Question 3(B) [4 marks]#
Explain Program Counter (PC) And Data Pointer (DPTR) Register.
Answer:
Program Counter (PC):
- Size: 16-bit register
- Function: Holds address of next instruction to be executed
- Auto-increment: Automatically increments after instruction fetch
- Range: 0000H to FFFFH
Data Pointer (DPTR):
- Size: 16-bit register (DPH + DPL)
- Function: Points to external data memory locations
- Usage: Used with MOVX instructions for external memory access
- Components: DPH (83H) and DPL (82H)
Mnemonic: “PD - PC Points to Program, DPTR Points to Data”
Question 3(C) [7 marks]#
Draw And Explain Architecture Of 8051.
Answer:
graph TB
subgraph "8051 Architecture"
ALU[8-bit ALU]
ACC[Accumulator A]
B[B Register]
PSW[Program Status Word]
SP[Stack Pointer]
DPTR[Data Pointer DPTR]
PC[Program Counter PC]
ROM[4KB ROM<br/>0000-0FFF]
RAM[128B RAM<br/>00-7F]
SFR[SFR Area<br/>80-FF]
P0[Port 0]
P1[Port 1]
P2[Port 2]
P3[Port 3]
T0[Timer 0]
T1[Timer 1]
UART[Serial Port]
INT[Interrupt Control]
end
ALU --- ACC
ALU --- B
ALU --- PSW
Architecture Components:
- CPU: 8-bit ALU with accumulator and B register
- Memory: 4KB internal ROM, 128B internal RAM
- I/O Ports: Four 8-bit bidirectional ports (P0-P3)
- Timers: Two 16-bit timers/counters (T0, T1)
- Serial Port: Full duplex UART for communication
- Interrupts: 5 interrupt sources with priority levels
Special Features:
- Boolean Processor: Bit manipulation capabilities
- Addressing Modes: 8 different addressing modes
- Power Management: Idle and power-down modes
Mnemonic: “MIPTIS - Memory, I/O, Processor, Timers, Interrupts, Serial”
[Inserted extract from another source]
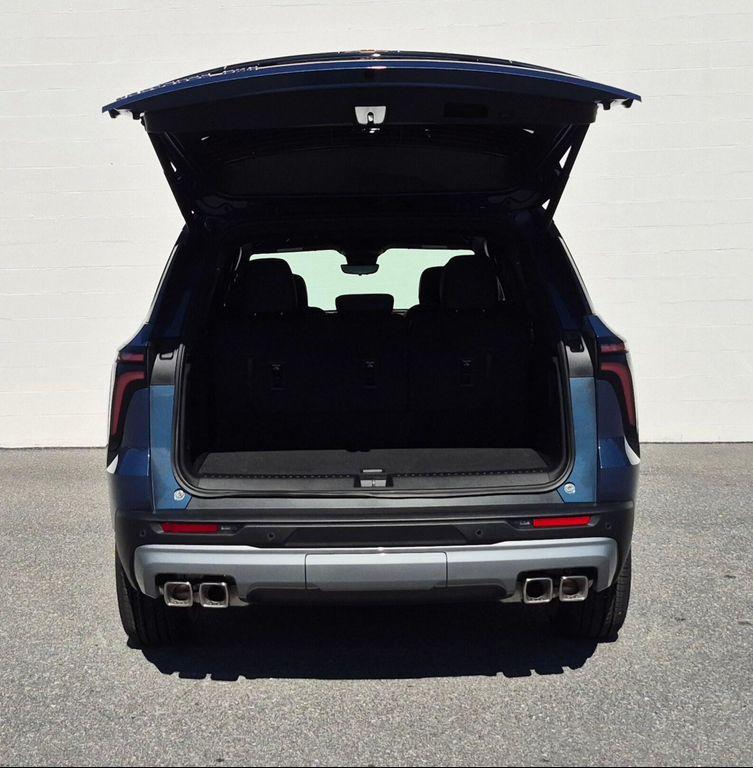 new 2026 Chevrolet Traverse car, priced at $46,960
Question 3(A) OR [3 marks]#
Explain Following Pins Of 8051: (1) ALE (2) PSEN (3) XTAL1 & XTAL2
Answer:
Pin Functions:
ALE (Pin 30): Address Latch Enable
- Output pulse for latching lower address byte
- Active high signal at 1/6 of oscillator frequency
PSEN (Pin 29): Program Store Enable
- Active low output for external program memory read
- Connected to OE pin of external EPROM
XTAL1 & XTAL2 (Pins 19, 18): Crystal connections
- Connect external crystal for clock generation
- Typical frequency: 11.0592 MHz or 12 MHz
Mnemonic: “APX - ALE latches Address, PSEN enables Program, XTAL generates clocK”
Question 3(B) OR [4 marks]#
Describe Internal RAM Organization Of 8051 Microcontroller.
Answer:
RAM Sections:
- Register Banks: 4 banks × 8 registers each (00H-1FH)
- Bit Addressable: 16 bytes with individual bit access (20H-2FH)
- General Purpose: 80 bytes for user data (30H-7FH)
- Stack Area: Usually starts from 08H upward
Addressing:
- Direct: Using actual address (MOV 30H, A)
- Indirect: Using register pointer (MOV @R0, A)
Mnemonic: “RBGS - Register banks, Bit addressable, General purpose, Stack”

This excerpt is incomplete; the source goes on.